Chefes evitam o corte. Advogados da União suspendem paralisação

• BRASILIA, SÃO PAULO e RIO. A despeito da decisão do governo federal de cortar, retroativamente, o ponto dos grevistas, o comando do movimento dos auditores fiscais vai recomendar à categoria que mantenha a paralisação por tempo indeterminado. A greve já dura 25 dias. A reunião da cúpula sindicalista foi ontem, em Brasilia. As assembléias regionais serão segunda-feira. Já os 1.815 advogados da União decidiram ontem suspender a greve de 85 dias.

Na última terça-feira, o Supremo Tribunal Federal (STF) suspendeu uma liminar da Justiça Federal do Rio Grande do Sul que impedia o corte do ponto dos grevistas.

— O corte de ponto não afetou nossa indicação, que será decidida em assembléia na segunda-feira — afirmou Pedro Delarue, presidente do Sindicato dos Auditores Fiscais da Receita Federal (Unafisco).

A presidente do Unafisco no Rio, Vera Tereza, disse que chefes da Receita estão deixando seus cargos de comando para não ter de cortar o ponto dos fiscais. Segundo ela, das 12 delegacias da Receita no Rio, apenas em duas os chefes não pediram afastamento. A categoria reivindica reajuste de 30%.

O vice-presidente da Associação de Comércio Exterior do Brasil (AEB), José Augusto de Castro, defendeu a privatização dos portos para evitar os problemas causados por greves de funcionários federais. Segundo ele, nos últimos três anos foran 442 dias de paralisação:

— Isso gera uma insegurança jurídica que leva o empresário estrangeiro a pensar duas vezes antes de fechar contratos com fornecedores brasileiros.
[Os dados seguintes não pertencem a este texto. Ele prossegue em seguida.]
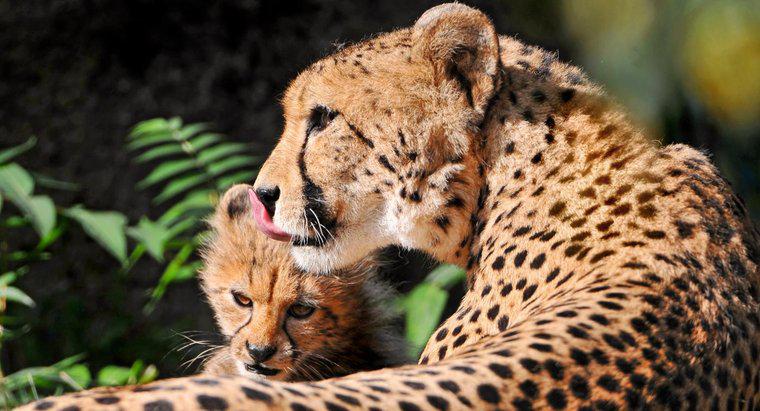 ¿Cómo crían los guepardos a sus crías?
Mesmo com as cerca de 800 liminares obtidas por empreasas ligadas ao Centro das Indústrias de São Paulo (Ciesp) determinando a liberação de cargas retidas por causa da greve, a situação é crítica no Porto de Santos. Segundo a Associação Brasileira dos Terminais e, Re­cintos Alfandegados (Abtra), a capacidade de movimentação de cargas na área do porto já está próxima do limite.

— Se a greve continuar até a próxima quarta-feira, esgota-se a capacidade de recebimento de contêineres em Santos — disse o diretor da Abtra, José Roberto Campos.

Já a Inftaero informou que a situação das cargas nos aeroportos de Cumbica (Guarulhos) e Viracopos (Campinas ainda está sob controle.